● **INSTRUCTIONS TO FOLLOW**
To complete this task, print all the data below exactly but leave out the images.

● **DATA SEGMENT**
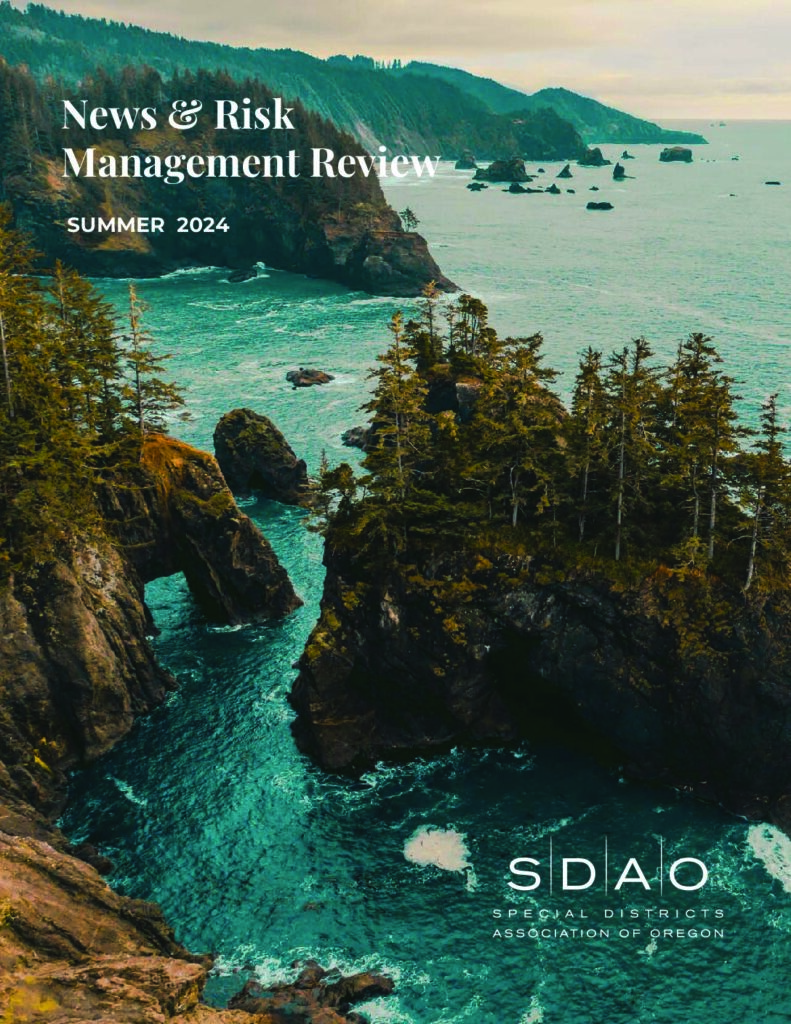 SDAO Summer Newsletter 2024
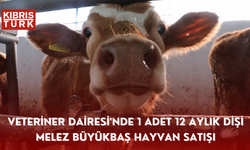 Veteriner Dairesi'nde 1 adet 12 aylık dişi melez büyükbaş hayvan satışı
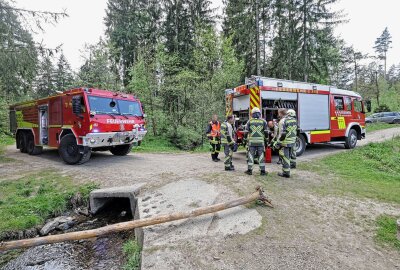 Kleines Lagerfeuer gerät außer Kontrolle: Feuerwehr verhindert größeren Brand - Die Feuerwehr konnte das Feuer rechtzeitig löschen. Foto: Andreas Kretschel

● **TASK RESPONSE**
 SDAO Summer Newsletter 2024
 Veteriner Dairesi'nde 1 adet 12 aylık dişi melez büyükbaş hayvan satışı
 Kleines Lagerfeuer gerät außer Kontrolle: Feuerwehr verhindert größeren Brand - Die Feuerwehr konnte das Feuer rechtzeitig löschen. Foto: Andreas Kretschel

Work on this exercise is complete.